GPTFUZZER: Red Teaming Large Language Models with Auto-Generated Jailbreak Prompts

Large language models (LLMs) have recently experienced tremendous popularity and are widely used from casual conversations to AI-driven programming. However, despite their considerable success, LLMs are not entirely reliable and can give detailed guidance on how to conduct harmful or illegal activities. While safety measures can reduce the risk of such outputs, adversarial jailbreak attacks can still exploit LLMs to produce harmful content. These jailbreak templates are typically manually crafted, making large-scale testing challenging. In this paper, we introduce GPTFuzz, a novel black-box jailbreak fuzzing framework inspired by the AFL fuzzing framework. Instead of manual engineering, GPTFuzz automates the generation of jailbreak templates for red-teaming LLMs. At its core, GPTFuzz starts with human-written templates as initial seeds, then mutates them to produce new templates. We detail three key components of GPTFuzz: a seed selection strategy for balancing efficiency and variability, mutate operators for creating semantically equivalent or similar sentences, and a judgment model to assess the success of a jailbreak attack. We evaluate GPTFuzz against various commercial and open-source LLMs, including ChatGPT, LLaMa-2, and Vicuna, under diverse attack scenarios. Our results indicate that GPTFuzz consistently produces jailbreak templates with a high success rate, surpassing human-crafted templates. Remarkably, GPTFuzz achieves over 90% attack success rates against ChatGPT and Llama-2 models, even with suboptimal initial seed templates. We anticipate that GPTFuzz will be instrumental for researchers and practitioners in examining LLM robustness and will encourage further exploration into enhancing LLM safety.
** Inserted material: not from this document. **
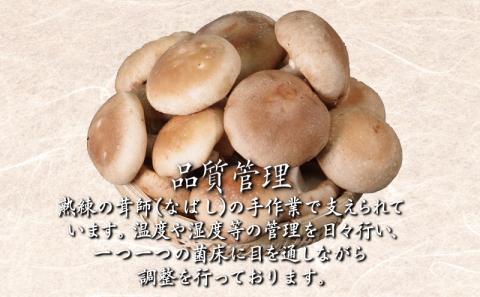 しいたけ 1kg 冷蔵 国産 徳島県 椎茸 きのこ 家庭用 おかず ( 大人気しいたけ 人気しいたけ 絶品しいたけ 至高しいたけ 国産しいたけ 徳島県産しいたけ 徳島県しいたけ しいたけ )
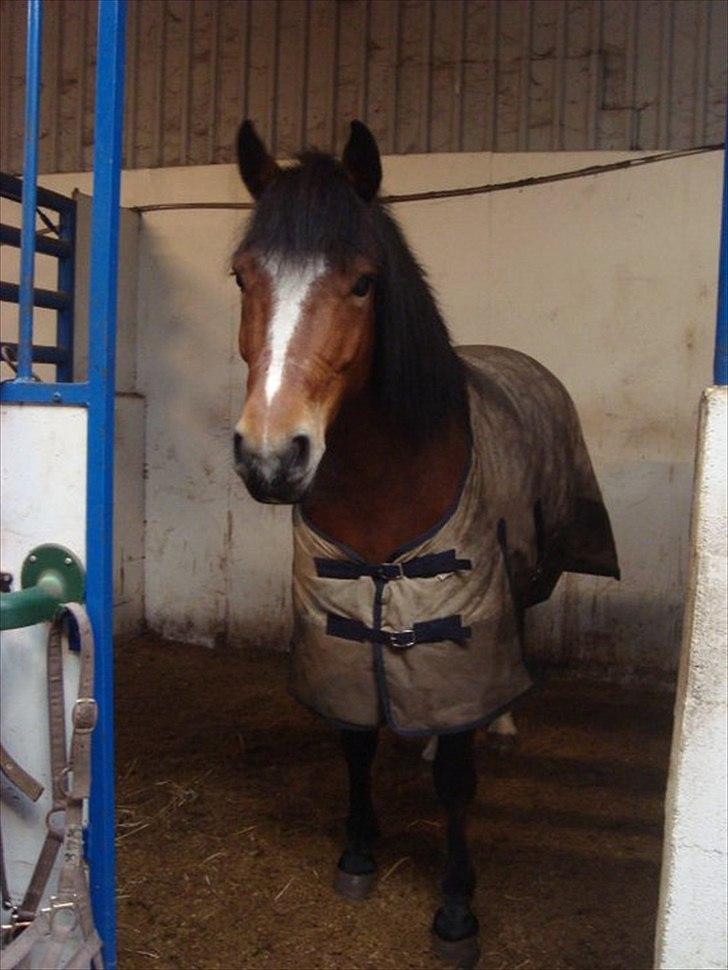 New Forest VESTERGAARDS KICK AND RUN - Foto: Mig billede 10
翻译：大型语言模型（LLM）近期获得了极大普及，广泛应用于从日常对话到人工智能驱动的编程等领域。然而，尽管取得了显著成功，LLM并非完全可靠，可能就如何实施有害或非法活动提供详细指导。虽然安全措施可以降低此类输出的风险，但对抗性越狱攻击仍能利用LLM生成有害内容。这些越狱模板通常需要手动构建，使得大规模测试充满挑战。本文提出GPTFuzz——一种受AFL模糊测试框架启发的全新黑盒越狱模糊测试框架。不同于人工设计，GPTFuzz能够自动化生成用于红队测试LLM的越狱模板。其核心机制以人工编写模板作为初始种子，通过变异操作生成新模板。我们详细阐述了GPTFuzz的三个关键组件：用于平衡效率与多样性的种子选择策略、用于生成语义等价或相似句子的变异算子，以及评估越狱攻击成功率的判断模型。我们在多种攻击场景下对GPTFuzz进行了评估，涵盖ChatGPT、LLaMa-2和Vicuna等商用及开源LLM。结果表明，GPTFuzz能够持续生成高成功率的越狱模板，超越人工设计模板。值得注意的是，即使使用次优初始种子模板，GPTFuzz对ChatGPT和Llama-2模型仍能达到90%以上的攻击成功率。我们预期GPTFuzz将帮助研究人员和从业者检验LLM鲁棒性，并推动进一步提升LLM安全性的相关探索。